Well, I officially completed NaNoWriMo 2015! I wrote 50,000 words for my novel in just 28 days, and it was so much fun. A lot of work, but I can’t deny how much fun I had with the challenge. When I began the month, I was 10,000 words into my novel and now I have nearly 67,000 words written. Since I want this book to be around 90,000-100,000 words, I still have a ton of writing to do, but I’m hoping to maintain my daily writing habit to finish the novel before the year is over.
I learned a lot in November, about writing and about maintaining the motivation to complete a long challenge, and I thought I would use today to talk about some of those lessons learned. These lessons will be broad enough to hopefully be helpful for anyone embarking on any kind of journey, not just writing.
Accountability is key.
Most times when I attempt NaNoWriMo (I’ve tried it five times, won it twice), I give up quickly because I don’t talk about it much. I may mention it on the blog, but not anywhere else. This year, I told my writing partner what I was attempting and would check in with her frequently about how the challenge was going. We also met once a week to write. Knowing I had to check in with her and having her cheer me on this whole month was such an important part of maintaining my focus.
So, whether you’re writing a novel or training for a marathon or searching for a new job, enlist a buddy. They can give you motivation. They can help you out by going on a training run with you or reading over your resume. Basically, an accountability partner is external support to keep you going.
It’s okay to get behind
I got behind on the second day of NaNoWriMo. I had had a bad day and when I came home from work, the last thing I wanted to do was write. So, instead, I laid on the couch and watched TV. My manuscript sat untouched. It was only day two and I was already behind… yikes. Instead of letting that get me down, I told myself I could easily make up the words throughout the week. And it took me a while to get on pace, but I did. Normally, a setback like that, especially so quickly into the challenge, would have demotivated me so much, I would have quit. But this time, I didn’t allow something so small to defeat me. It taught me that it’s okay to get behind, to falter a bit, to lose focus. No matter if that comes in the beginning, the middle, or the end, it’s all okay.

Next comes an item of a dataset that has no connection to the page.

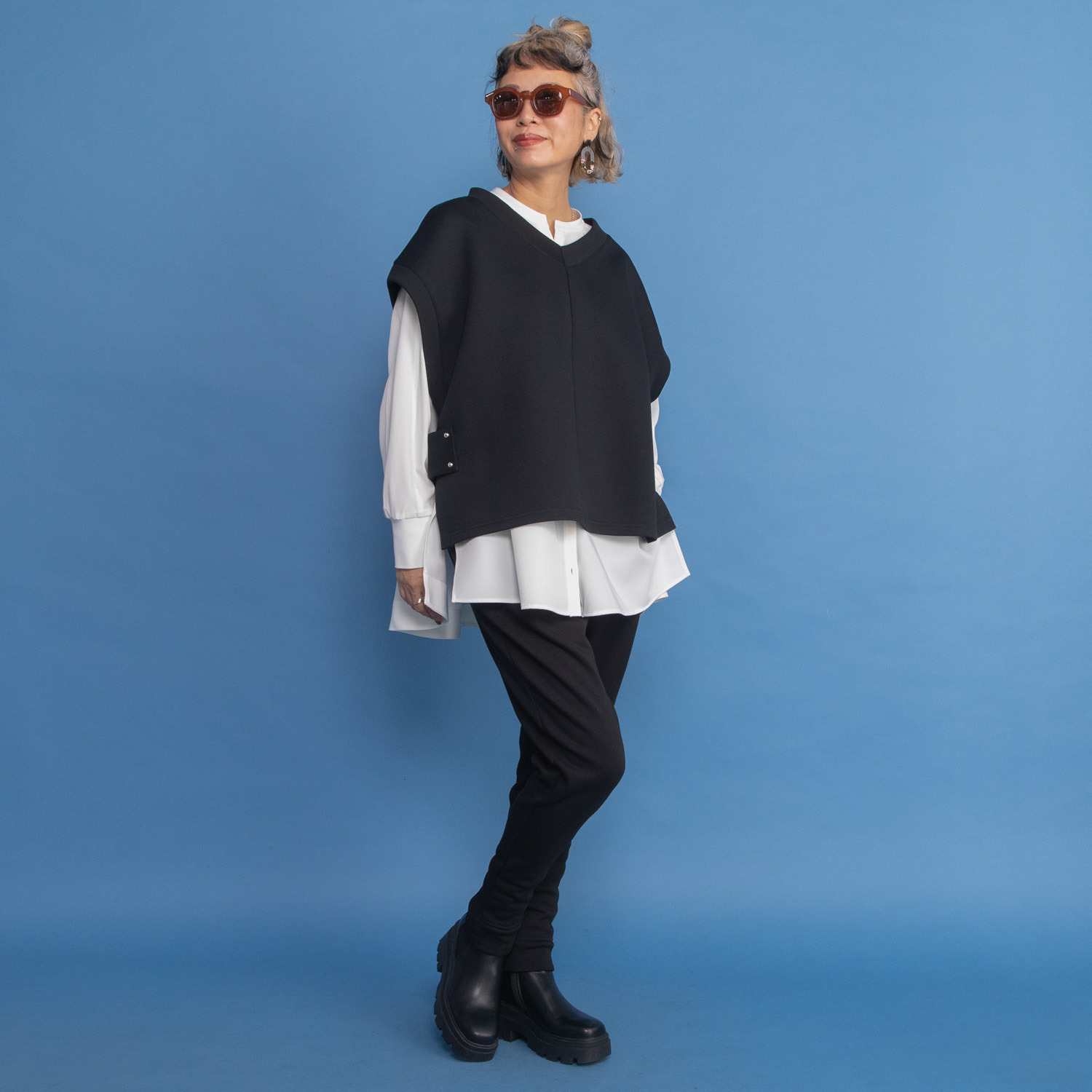 ヨーコモリモト スタッズアクセント ２ウェイデザイン プルオーバーベスト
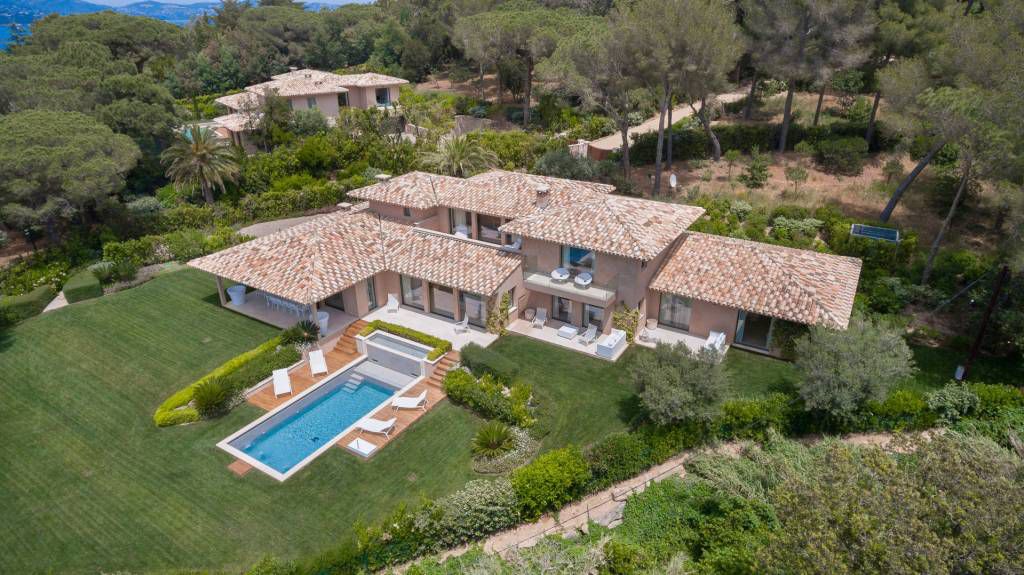 Villa in Saint-Tropez, France, 500 sq.m - picture 1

Miss a training run? Fall off your eating plan for a day? Take a few days off from working on your side hustle? It’s all okay. It’s not the end of the world. You can get back on track. Just remember why you are doing what you are doing and you’ll find your motivation once again.
Shitty days will happen
Some days, the writing felt so effortless and everything I wrote felt good and moved the story along. Then, there were other days where the writing felt difficult and I would look back on what I wrote with my nose wrinkled in disgust. The sentences felt cheesy, the plot off balance. That? Is called writing a novel. No writer, no matter how experienced, has a super successful day every single day. Some days are just shitty, plain and simple. That’s just part of the process of writing a novel.
You won’t be excited about your goal every single day. That’s just the way it is. The journey of achieving a goal features many, many boring, unsexy steps. These are the steps nobody sees, where everything is a slog and you may start thinking that you’re not cut out for whatever you’re trying to achieve. You are. You are more than capable. Shitty days happen, and you just have to be prepared to break through it.
I think one of the lessons I learned most during NaNoWriMo, though, is how much I love writing fiction. Each day was such an adventure and even when it was difficult, it was still so interesting and fun to work through the hard parts. I’m so excited to finish my novel and spend all of 2016 editing it. And then? I aim to get this one published. Oh yeah.